* TASK DIRECTIONS: The listing must be copied out in full and exactly; no images go with it.
*** DATA PROVIDED Section Begins ***
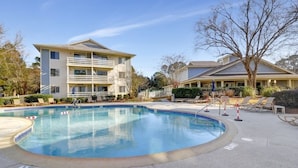 Ein Hotel mit Schwimmbad, Liegestühlen und einem Gebäude mit mehreren Balkonen.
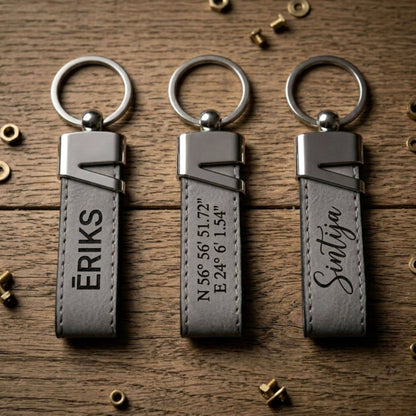 Trīs dažādi personalizēti pelēkas ādas atslēgu piekariņi ar melnu gravējumu: vārds "ĒRIKS", ģeogrāfiskās koordinātas un vārds "Sintija" kaligrāfiskā fontā.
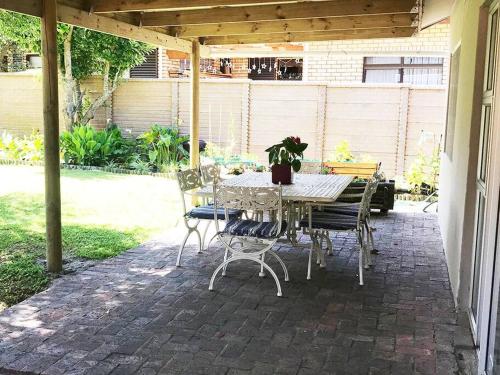 a patio with a table and chairs on a patio at Sedgefield Lagoon Hideout - Kingfisher Drive in Sedgefield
*** DATA PROVIDED Section Ends ***
* TASK SOLUTION:
 Ein Hotel mit Schwimmbad, Liegestühlen und einem Gebäude mit mehreren Balkonen.
 Trīs dažādi personalizēti pelēkas ādas atslēgu piekariņi ar melnu gravējumu: vārds "ĒRIKS", ģeogrāfiskās koordinātas un vārds "Sintija" kaligrāfiskā fontā.
 a patio with a table and chairs on a patio at Sedgefield Lagoon Hideout - Kingfisher Drive in Sedgefield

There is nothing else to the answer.